Topic models are a powerful method to group documents by their main topics. Topic models allow probabilistic modeling of term frequency occurrence in documents. The fitted model can be used to estimate the similarity between documents, as well as between a set of specified keywords using an additional layer of latent variables, which are referred to as topics (Grun and Hornik, 2011). In essence, a document is assigned to a topic based on the distribution of the words in that document, and the other documents in that topic will have roughly the same frequency of words.
In this tutorial, we will look at a useful framework for text mining, called topic models. We will apply the framework to the State of the Union addresses.
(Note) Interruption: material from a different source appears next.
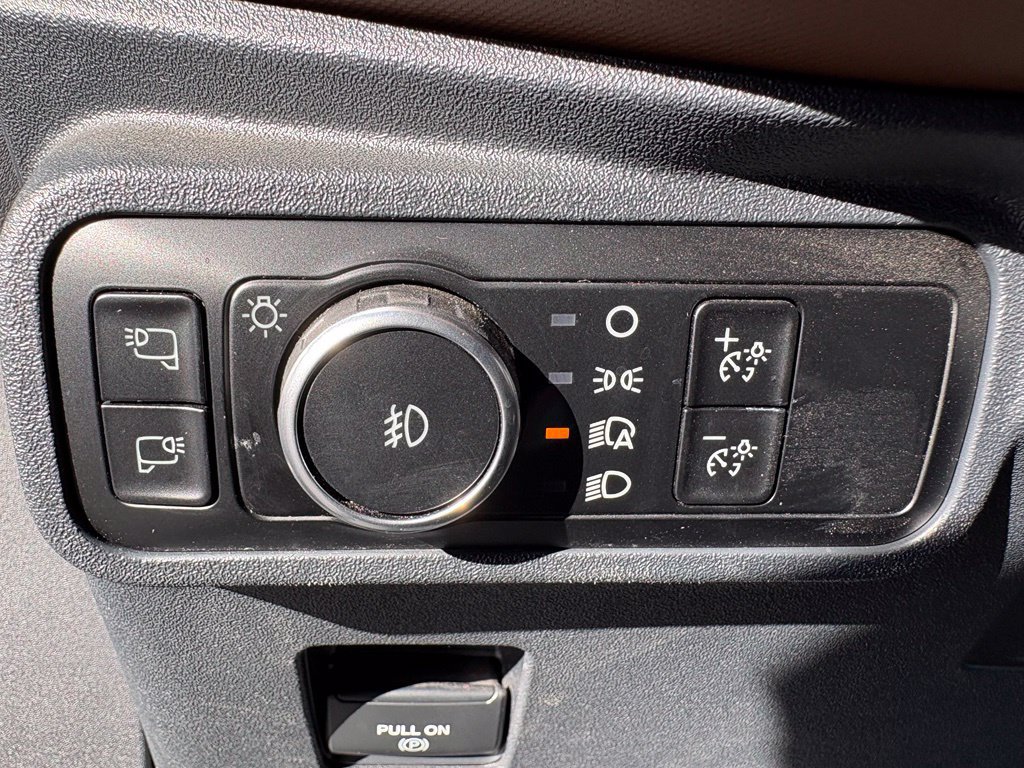 Used 2024 Ford Bronco Outer Banks AWD/4WD image 31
In building topic models, the number of topics must be determined before running the algorithm (k-dimensions). If no prior reason for the number of topics exists, then you can build several and apply judgment and knowledge to the final selection. There are different methods that come under Topic Modeling. We'll look at LDA with Gibbs sampling. This method is quite complicated mathematically, but my intent is to provide an introduction so that you are at least able to describe how the algorithm learns to assign a document to a topic in layperson terms. If you are interested in mastering the math associated with the method, block out a couple of hours on your calendar and have a go at it. Excellent background material can be found here.
This tutorial is an excerpt taken from the book 'Mastering Machine Learning with R - Third Edition' written by Cory Lesmeister. The book explores expert techniques for solving data analytics and covers machine learning challenges that can help you gain insights from complex projects and power up your applications.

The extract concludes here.